[EXERCISE]:
In the entries below, find the line containing "Chacras de Coria House". Write out that line and all lines after it, exactly, and nothing else.

DATA SECTION Block Start

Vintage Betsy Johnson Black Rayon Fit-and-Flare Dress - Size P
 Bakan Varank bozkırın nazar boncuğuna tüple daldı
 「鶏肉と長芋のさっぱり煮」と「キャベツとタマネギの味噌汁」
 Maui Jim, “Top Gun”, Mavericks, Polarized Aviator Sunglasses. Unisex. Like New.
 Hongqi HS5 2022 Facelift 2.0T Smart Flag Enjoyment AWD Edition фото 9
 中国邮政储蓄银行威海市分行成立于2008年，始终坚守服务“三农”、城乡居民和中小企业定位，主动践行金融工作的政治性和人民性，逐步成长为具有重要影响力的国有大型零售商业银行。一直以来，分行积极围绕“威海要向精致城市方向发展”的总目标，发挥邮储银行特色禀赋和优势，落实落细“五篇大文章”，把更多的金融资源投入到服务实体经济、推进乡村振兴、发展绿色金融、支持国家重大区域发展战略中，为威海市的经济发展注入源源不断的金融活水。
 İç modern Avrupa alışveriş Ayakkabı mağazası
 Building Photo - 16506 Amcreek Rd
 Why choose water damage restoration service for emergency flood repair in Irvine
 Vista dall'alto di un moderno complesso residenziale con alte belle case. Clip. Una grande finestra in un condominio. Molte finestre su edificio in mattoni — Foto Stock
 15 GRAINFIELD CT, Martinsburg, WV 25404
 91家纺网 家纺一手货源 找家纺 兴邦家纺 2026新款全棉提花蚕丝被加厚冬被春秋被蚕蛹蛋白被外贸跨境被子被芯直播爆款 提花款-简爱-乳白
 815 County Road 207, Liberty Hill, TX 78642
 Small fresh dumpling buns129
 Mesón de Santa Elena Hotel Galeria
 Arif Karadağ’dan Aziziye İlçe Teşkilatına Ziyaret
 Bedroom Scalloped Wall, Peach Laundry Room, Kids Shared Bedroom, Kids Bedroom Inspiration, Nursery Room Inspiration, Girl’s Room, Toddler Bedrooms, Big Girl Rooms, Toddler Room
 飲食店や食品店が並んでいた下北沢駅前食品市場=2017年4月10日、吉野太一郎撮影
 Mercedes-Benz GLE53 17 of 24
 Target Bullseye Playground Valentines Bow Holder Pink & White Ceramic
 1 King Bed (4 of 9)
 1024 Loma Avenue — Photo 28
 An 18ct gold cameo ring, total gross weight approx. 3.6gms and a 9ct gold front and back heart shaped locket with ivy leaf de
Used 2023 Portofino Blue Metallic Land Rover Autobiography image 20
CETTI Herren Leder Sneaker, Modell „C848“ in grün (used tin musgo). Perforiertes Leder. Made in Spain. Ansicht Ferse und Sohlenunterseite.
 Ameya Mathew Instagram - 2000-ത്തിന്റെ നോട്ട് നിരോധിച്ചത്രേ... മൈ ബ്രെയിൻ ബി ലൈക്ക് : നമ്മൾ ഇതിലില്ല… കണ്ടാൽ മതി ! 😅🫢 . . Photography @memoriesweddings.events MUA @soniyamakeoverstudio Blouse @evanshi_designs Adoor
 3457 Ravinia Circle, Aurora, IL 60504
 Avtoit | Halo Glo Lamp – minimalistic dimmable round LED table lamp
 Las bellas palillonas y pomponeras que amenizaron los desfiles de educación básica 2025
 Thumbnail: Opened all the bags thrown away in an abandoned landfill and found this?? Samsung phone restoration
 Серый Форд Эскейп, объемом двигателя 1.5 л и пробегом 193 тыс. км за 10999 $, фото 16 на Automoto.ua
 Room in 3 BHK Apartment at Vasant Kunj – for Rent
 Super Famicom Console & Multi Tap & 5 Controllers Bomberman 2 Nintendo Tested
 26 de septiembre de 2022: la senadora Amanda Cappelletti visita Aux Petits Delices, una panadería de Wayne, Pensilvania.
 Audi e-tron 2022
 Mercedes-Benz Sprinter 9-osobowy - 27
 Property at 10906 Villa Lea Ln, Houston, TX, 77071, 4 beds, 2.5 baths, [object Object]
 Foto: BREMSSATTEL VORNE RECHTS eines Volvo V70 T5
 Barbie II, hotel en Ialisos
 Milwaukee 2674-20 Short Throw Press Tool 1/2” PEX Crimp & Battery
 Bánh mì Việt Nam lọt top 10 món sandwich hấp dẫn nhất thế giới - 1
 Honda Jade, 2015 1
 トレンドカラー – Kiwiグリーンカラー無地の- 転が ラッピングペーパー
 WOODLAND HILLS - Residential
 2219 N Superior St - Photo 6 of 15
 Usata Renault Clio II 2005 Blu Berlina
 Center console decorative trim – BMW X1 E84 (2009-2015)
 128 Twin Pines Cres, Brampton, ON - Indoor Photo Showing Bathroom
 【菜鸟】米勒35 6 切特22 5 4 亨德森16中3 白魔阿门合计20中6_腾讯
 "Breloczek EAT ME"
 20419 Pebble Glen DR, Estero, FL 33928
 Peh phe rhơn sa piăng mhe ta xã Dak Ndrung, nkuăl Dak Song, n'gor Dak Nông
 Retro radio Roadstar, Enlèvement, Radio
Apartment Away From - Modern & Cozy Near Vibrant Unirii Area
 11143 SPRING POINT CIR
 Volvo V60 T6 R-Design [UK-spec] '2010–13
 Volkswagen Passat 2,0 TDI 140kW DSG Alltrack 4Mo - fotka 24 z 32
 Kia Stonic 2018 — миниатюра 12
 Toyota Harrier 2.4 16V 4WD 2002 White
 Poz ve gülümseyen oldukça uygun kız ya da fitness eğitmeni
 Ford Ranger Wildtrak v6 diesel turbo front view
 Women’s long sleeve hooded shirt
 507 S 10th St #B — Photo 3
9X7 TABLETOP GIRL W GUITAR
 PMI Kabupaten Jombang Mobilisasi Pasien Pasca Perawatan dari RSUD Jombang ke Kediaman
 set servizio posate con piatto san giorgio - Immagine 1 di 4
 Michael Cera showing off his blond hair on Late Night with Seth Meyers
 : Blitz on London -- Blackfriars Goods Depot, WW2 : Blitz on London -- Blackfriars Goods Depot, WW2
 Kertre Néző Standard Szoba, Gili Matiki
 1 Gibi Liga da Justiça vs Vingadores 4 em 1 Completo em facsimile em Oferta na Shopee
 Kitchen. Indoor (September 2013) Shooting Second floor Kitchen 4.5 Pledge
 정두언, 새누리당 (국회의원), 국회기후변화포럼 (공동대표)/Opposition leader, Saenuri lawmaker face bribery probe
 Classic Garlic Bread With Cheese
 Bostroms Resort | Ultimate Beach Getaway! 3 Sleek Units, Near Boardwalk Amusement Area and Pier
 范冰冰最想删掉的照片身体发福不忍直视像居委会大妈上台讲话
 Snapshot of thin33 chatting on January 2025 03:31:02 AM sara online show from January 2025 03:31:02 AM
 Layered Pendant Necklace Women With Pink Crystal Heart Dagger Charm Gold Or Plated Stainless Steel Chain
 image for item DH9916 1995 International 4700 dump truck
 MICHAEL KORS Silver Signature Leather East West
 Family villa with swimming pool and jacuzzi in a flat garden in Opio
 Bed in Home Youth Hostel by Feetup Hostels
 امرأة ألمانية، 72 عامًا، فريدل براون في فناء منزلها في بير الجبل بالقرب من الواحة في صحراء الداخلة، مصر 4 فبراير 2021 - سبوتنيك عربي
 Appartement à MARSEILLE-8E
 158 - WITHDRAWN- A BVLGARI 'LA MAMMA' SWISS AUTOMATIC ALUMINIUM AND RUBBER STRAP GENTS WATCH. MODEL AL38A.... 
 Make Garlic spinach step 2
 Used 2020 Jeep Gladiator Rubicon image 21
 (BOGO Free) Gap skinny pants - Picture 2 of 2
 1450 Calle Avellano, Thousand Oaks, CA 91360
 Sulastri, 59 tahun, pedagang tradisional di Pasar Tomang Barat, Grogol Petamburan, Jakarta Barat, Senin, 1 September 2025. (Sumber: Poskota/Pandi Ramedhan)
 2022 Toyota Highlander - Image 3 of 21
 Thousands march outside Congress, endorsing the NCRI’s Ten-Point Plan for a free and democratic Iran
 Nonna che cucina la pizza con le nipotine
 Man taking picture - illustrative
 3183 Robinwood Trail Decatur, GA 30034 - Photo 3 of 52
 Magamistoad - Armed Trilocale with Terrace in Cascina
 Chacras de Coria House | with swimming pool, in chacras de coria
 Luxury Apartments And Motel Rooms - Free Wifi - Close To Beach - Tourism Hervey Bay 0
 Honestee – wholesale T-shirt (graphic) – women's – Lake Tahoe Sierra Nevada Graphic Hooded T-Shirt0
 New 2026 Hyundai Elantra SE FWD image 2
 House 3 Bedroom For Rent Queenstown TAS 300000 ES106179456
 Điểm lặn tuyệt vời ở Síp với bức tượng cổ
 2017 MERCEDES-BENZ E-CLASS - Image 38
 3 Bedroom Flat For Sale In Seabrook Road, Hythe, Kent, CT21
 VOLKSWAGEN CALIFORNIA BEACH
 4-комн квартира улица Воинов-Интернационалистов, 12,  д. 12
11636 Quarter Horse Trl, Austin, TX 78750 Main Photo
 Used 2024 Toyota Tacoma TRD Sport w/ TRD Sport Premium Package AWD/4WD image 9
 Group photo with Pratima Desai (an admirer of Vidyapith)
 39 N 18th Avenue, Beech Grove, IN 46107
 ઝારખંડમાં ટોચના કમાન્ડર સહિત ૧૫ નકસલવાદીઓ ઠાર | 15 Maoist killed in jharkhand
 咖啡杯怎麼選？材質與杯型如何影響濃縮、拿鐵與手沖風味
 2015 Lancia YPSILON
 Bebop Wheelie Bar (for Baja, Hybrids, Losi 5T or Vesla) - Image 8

DATA SECTION Block End

[RESULT FOR THIS EXERCISE]:
 Chacras de Coria House | with swimming pool, in chacras de coria
 Luxury Apartments And Motel Rooms - Free Wifi - Close To Beach - Tourism Hervey Bay 0
 Honestee – wholesale T-shirt (graphic) – women's – Lake Tahoe Sierra Nevada Graphic Hooded T-Shirt0
 New 2026 Hyundai Elantra SE FWD image 2
 House 3 Bedroom For Rent Queenstown TAS 300000 ES106179456
 Điểm lặn tuyệt vời ở Síp với bức tượng cổ
 2017 MERCEDES-BENZ E-CLASS - Image 38
 3 Bedroom Flat For Sale In Seabrook Road, Hythe, Kent, CT21
 VOLKSWAGEN CALIFORNIA BEACH
 4-комн квартира улица Воинов-Интернационалистов, 12,  д. 12
11636 Quarter Horse Trl, Austin, TX 78750 Main Photo
 Used 2024 Toyota Tacoma TRD Sport w/ TRD Sport Premium Package AWD/4WD image 9
 Group photo with Pratima Desai (an admirer of Vidyapith)
 39 N 18th Avenue, Beech Grove, IN 46107
 ઝારખંડમાં ટોચના કમાન્ડર સહિત ૧૫ નકસલવાદીઓ ઠાર | 15 Maoist killed in jharkhand
 咖啡杯怎麼選？材質與杯型如何影響濃縮、拿鐵與手沖風味
 2015 Lancia YPSILON
 Bebop Wheelie Bar (for Baja, Hybrids, Losi 5T or Vesla) - Image 8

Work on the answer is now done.